From its north side, Stone Mountain is a formidable sight. Staggeringly steep, nearly five times as high as Niagara Falls, it rises from Georgia’s wooded landscape like a rogue wave.
This anomalous, igneous dome east of Atlanta is the centerpiece of a state park that draws 4 million visitors a year. Forty stories above ground, front and center on the gunmetal-gray face of the stone, is the largest bas-relief carving on the planet, a Civil War memorial to Jefferson Davis, Robert E. Lee and Thomas “Stonewall” Jackson. These leaders of the Southern rebellion against the United States sit astride their steeds, hats over their hearts, on a three-acre backdrop etched into the mountainside.
Stone Mountain is the Mount Rushmore of the Confederacy, only bigger. So big, a stonecutter could duck out of a downpour inside a horse’s mouth. Robert E. Lee is as tall as a nine-story building. Jefferson Davis’ nose is the size of a sofa.
Some see the carving as a memorial to rebel heroes and those who fought and died defending the Southern way of life. Activist Richard Rose sees it as “the largest shrine to white supremacy in the history of the world.”
“If you read the declaration of secession for those states, they make it clear in the first paragraph, even the second sentence, why they wanted to secede from the union.”
“The people of Georgia having dissolved their political connection with the Government of the United States of America, present to their confederates and the world the causes which have led to the separation. For the last ten years we have had numerous and serious causes of complaint against our non-slave-holding confederate States with reference to the subject of African slavery.”
Although the monument is protected by state law, Rose says it needs to go.
President of the Atlanta chapter of the National Association for the Advancement of Colored People (NAACP), Rose grew up in the civil rights movement, the “whites only” times. Such tributes to the Confederacy have haunted him all his life.

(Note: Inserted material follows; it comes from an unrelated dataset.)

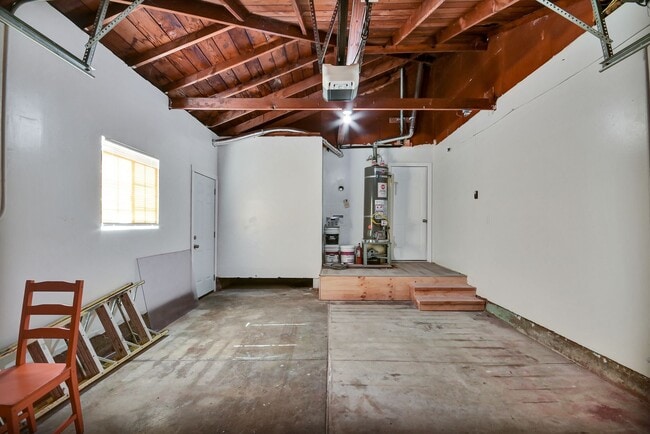 Building Photo - Beautifully Remodeled 3 Bedroom Home Near Stanford & Major Tech Campuses!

“I don’t think people understand the objective and the intent,” he said in a phone interview. “They don’t understand that it’s based on white supremacy because the war was based on white supremacy, and the ‘heroes’ are based on white supremacy.
“After the killings at Emanuel Church in Charleston, it finally crystallized for me that these monuments encourage violence and validate oppression.”
Two summers ago, 21-year-old Dylann Roof joined an evening Bible study at Emanuel African Methodist Episcopal Church in Charleston, South Carolina. Then, as worshippers closed their eyes to pray, he executed those around him, killing nine in all. Investigators later discovered his website filled with racist rantings and photos of him with Confederate flags and other symbols embraced by his kind.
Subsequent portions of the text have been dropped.